O setor da construção, contribuindo para mais de 15% do PIB e 10% do emprego, é reconhecidamente um dos principais drivers da economia portuguesa. Não obstante, mais de 99% do tecido empresarial é composto por micro, pequenas e médias empresas, destacando-se assim como uma indústria muito fragmentada e volátil, e por isso relativamente suscetivel a oscilações económicas: à medida que a economia retrai e os constrangimentos de crédito impactam no investimento, tende a nascer uma nova crise. Isto ganha particular importância num cenário de aumento dos custos de construção e de forte concorrência centrada no preço, diminuindo a rentabilidade das empresas; e, especialmente, perante o elevado endividamento e falta de liquidez do setor.

Sobre o endividamento, a maioria das empresas de construção financia-se em cerca de 70% com capital de terceiros, chegando em alguns casos a quase 90%, o que é deveras preocupante. Enquanto a dívida pode ser positiva por via de mais benefícios fiscais e maior eficiência na geração de lucros (maior rentabilidade do capital para os acionistas), pode também tornar-se prejudicial, caso os investimentos não sejam produtivos o suficiente para fazer face ao serviço da dívida, podendo criar problemas de liquidez (e.g. falta de capacidade para cumprir as obrigações financeiras de curto prazo); ou caso o endividamento seja elevado e prolongado no tempo, aumentando a vulnerabilidade a variações de mercado (e.g. aumento das taxas de juro).

Neste sentido, importa destacar a lei nº 41/2015 (regime jurídico aplicável ao exercício da atividade de construção), que define requisitos económico-financeiros mínimos a cumprir pelas empresas detentoras de alvará de construção (permissão para a atividade de construção consoante a categoria/tipo e a classe/valor máximo dos trabalhos), em particular para aquelas com contabilidade organizada e com títulos habilitantes superiores à classe 2 (limiar de 400 000€, segundo a portaria nº 212/2022). A título de exemplo, a lei destaca os indicadores de liquidez geral (capacidade para responder às responsabilidades de curto prazo) e de autonomia financeira (capacidade para vencer os compromissos financeiros utilizando capitais próprios – contrário ao endividamento), cujos valores de referência são fixados na portaria nº 274/2011. Estes valores, contudo, podem ser difíceis de cumprir devido a causas comuns como sobrecustos e atrasos nos pagamentos a receber.
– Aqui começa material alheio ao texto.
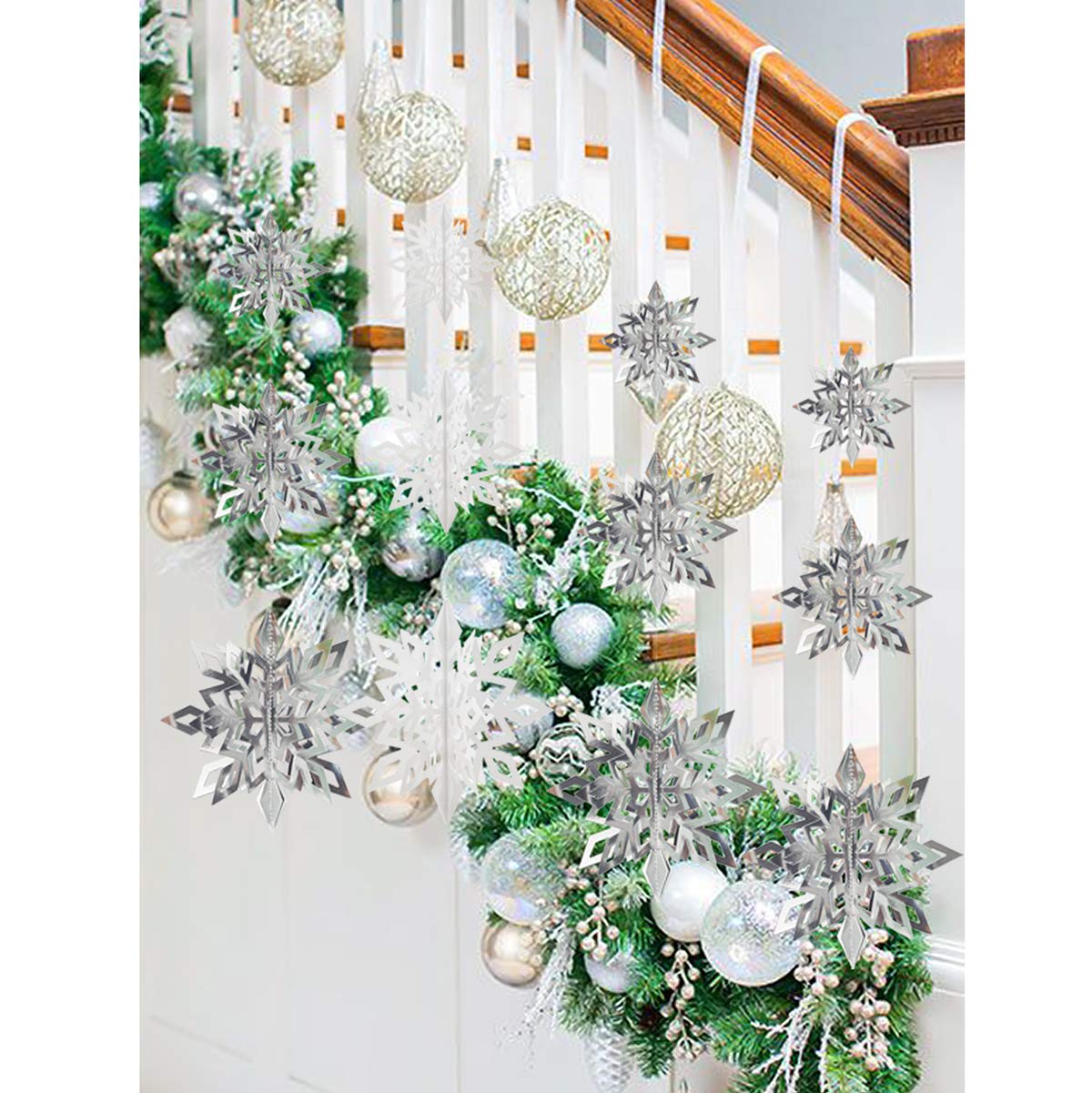 Crafare Christmas 3D Hanging Snowflakes Ornaments 3 Size 18PCS White Silver Snowflakes Hanging Garland for Winter Wonderland Holiday New Year Party Home Decoration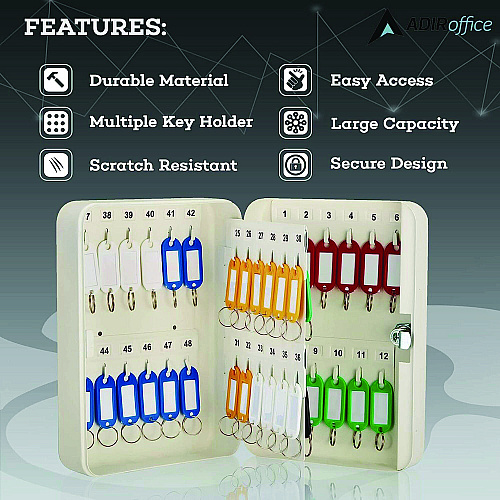 AdirOffice Steel Secure Key Cabinet with Key Lock, 48-Key, 7.1 x 3.1 x 10, Stainless Steel 304, White (I68148WHI)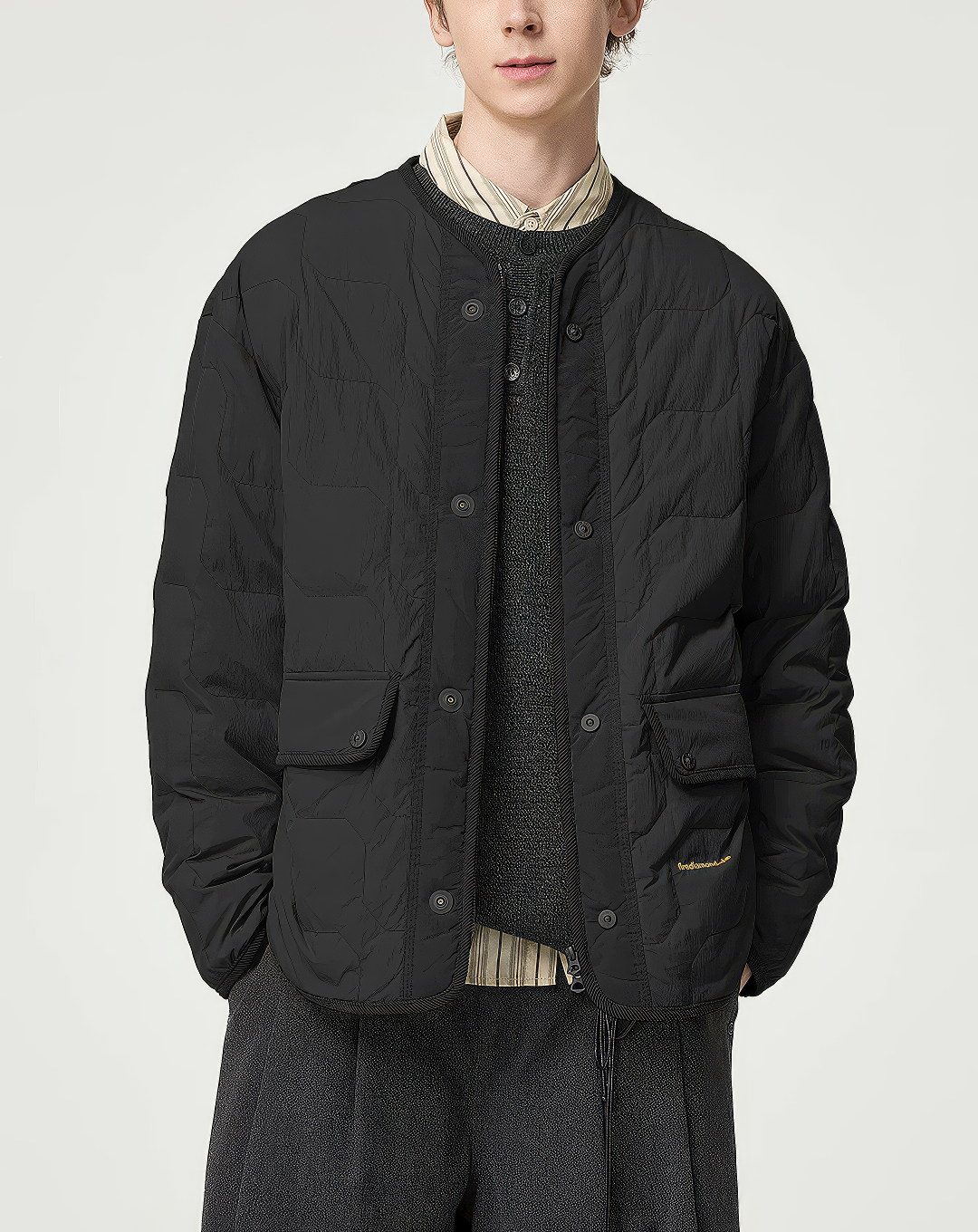 ♂Collarless Quilted Down Jacket
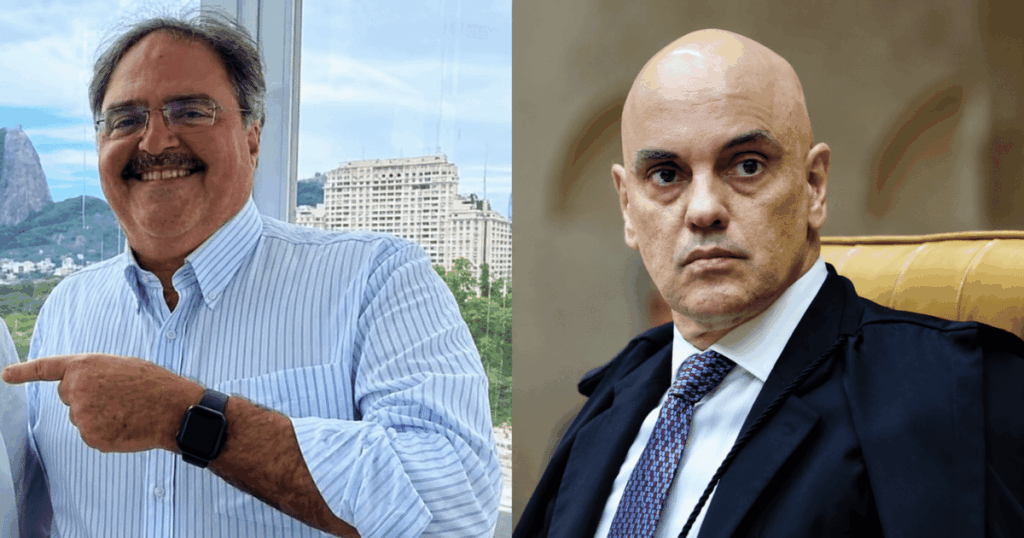Montagem com o ministro Alexandre de Moraes e o empresário Marcelo Conde, que pediu o afastamento do magistrado da relatoria de processo no Supremo Tribunal Federal (STF).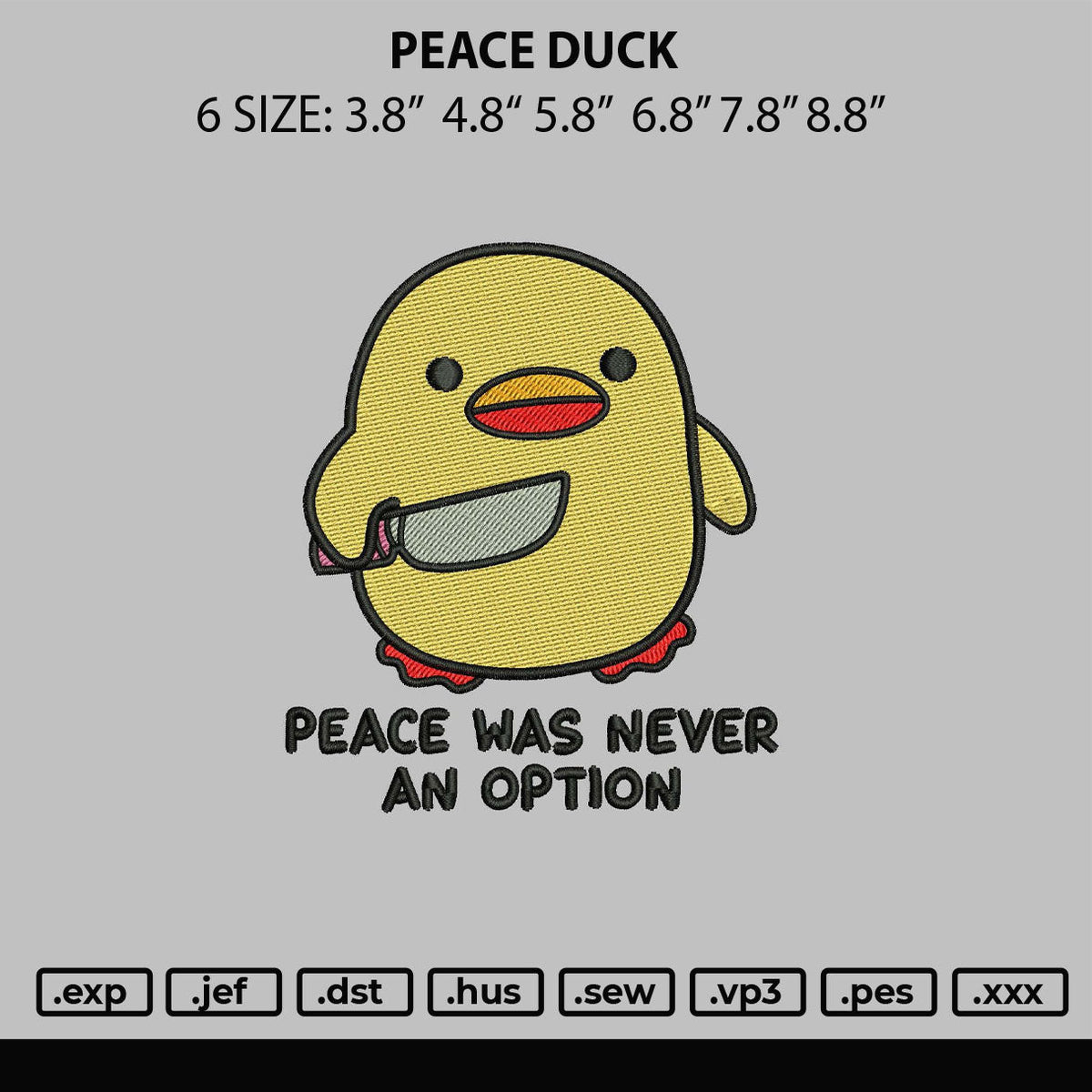 Peace Duck Embroidery File 6 sizes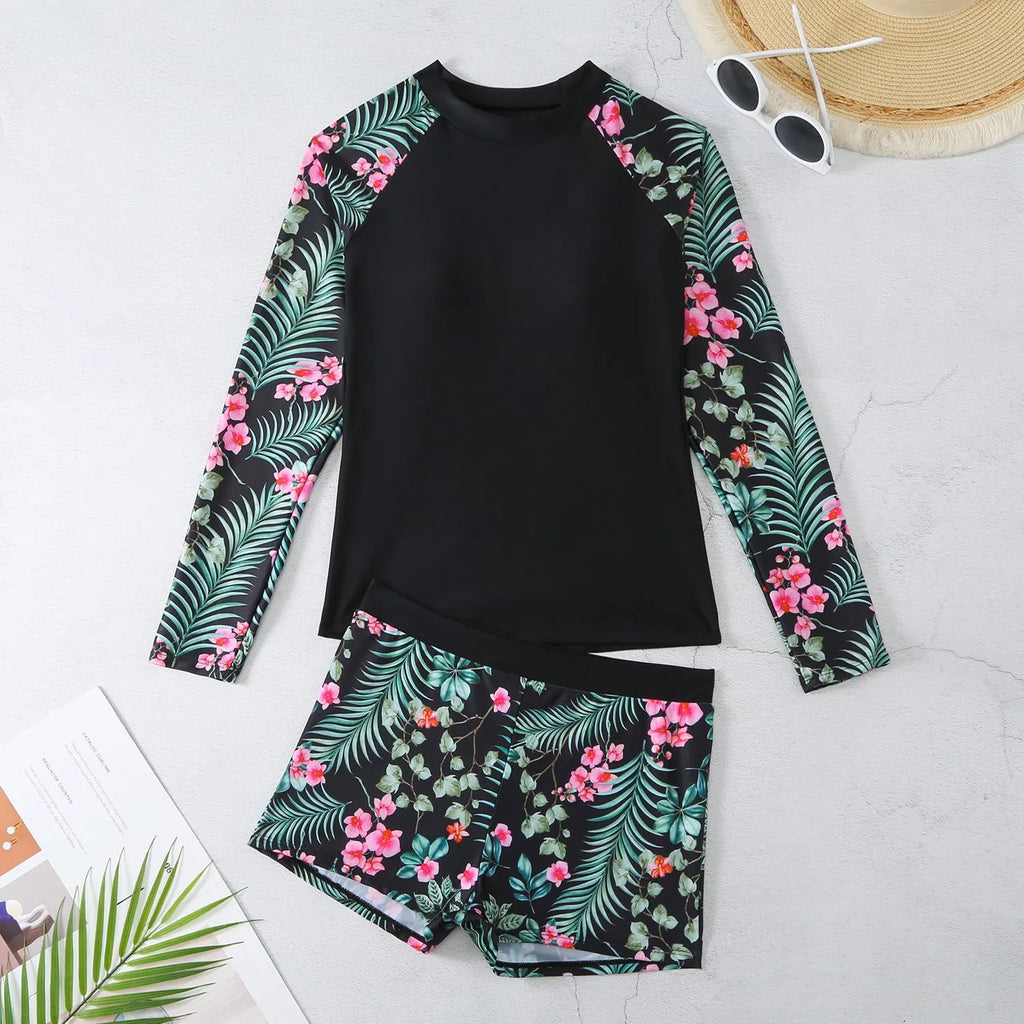 Digital printing women's split bikini swimsuit in polyester, backless with tie sides, available in black, green, dark blue, and sapphire blue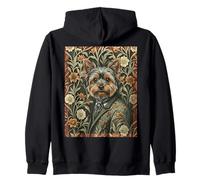 Yorkshire Terrier Gentleman Vintage Floral Style Zip Hoodie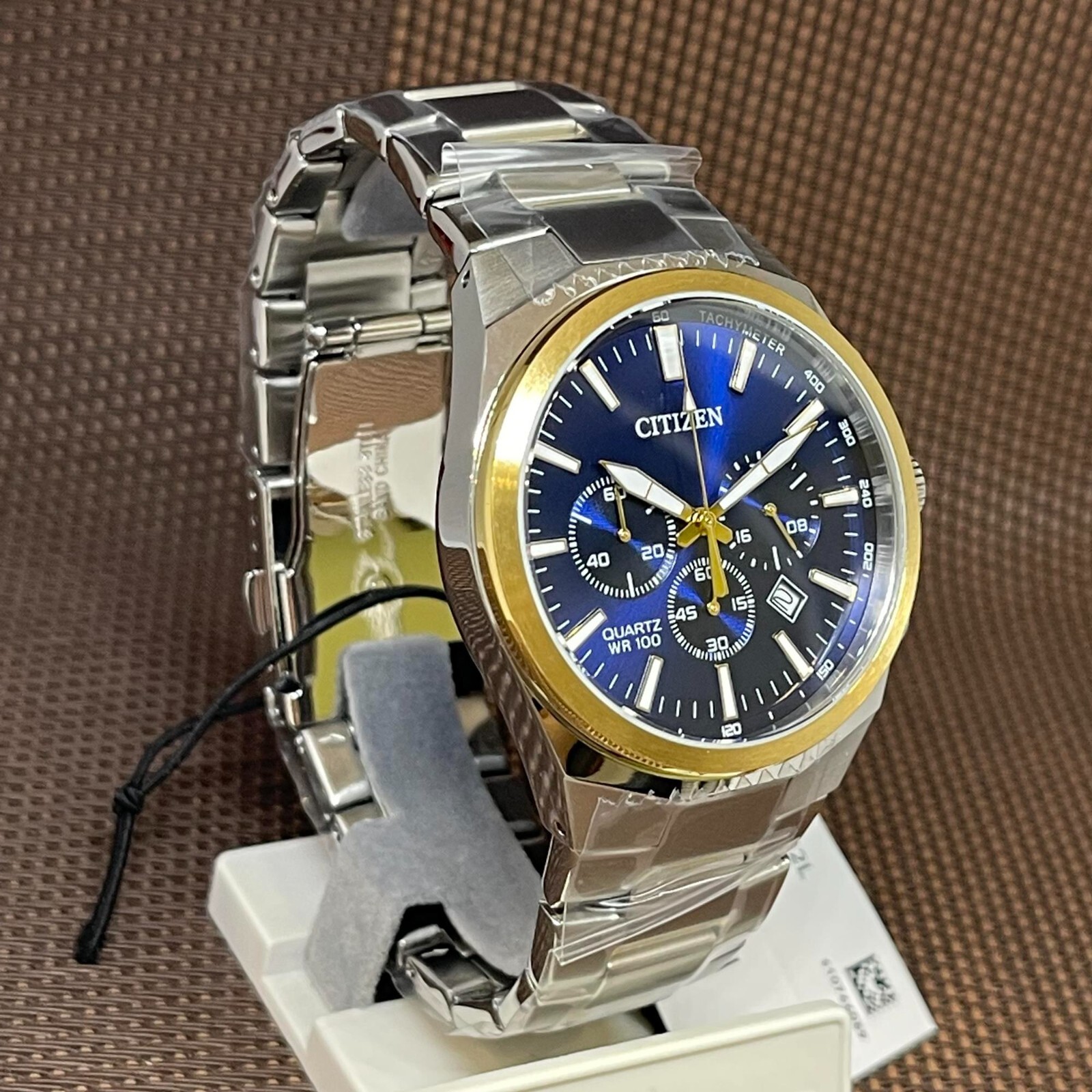 Pre-owned Citizen An8176-52l Quartz Chronograph Blue Analog Gold Tone Men's Casual Watch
Posto isto, os quadros superiores das empresas deverão assegurar uma gestão diligente e criteriosa, podendo, caso contrário, ser diretamente responsabilizados, civil e criminalmente. A saber, o património pessoal dos gestores pode ser chamado a responder pelas dívidas da empresa e, no limite, uma situação de insolvência (impossibilidade de cumprir as obrigações vencidas) pode implicar pena de prisão até 5 anos. O dever de indemnizar pelos danos causados por conduta ilícita (responsabilidade civil), ou seja, em violação de deveres legais ou contratuais (e.g. endividamento e prejuízo por celebração de negócios ruinosos em proveito próprio), pode abranger não só a sociedade mas também sócios e terceiros.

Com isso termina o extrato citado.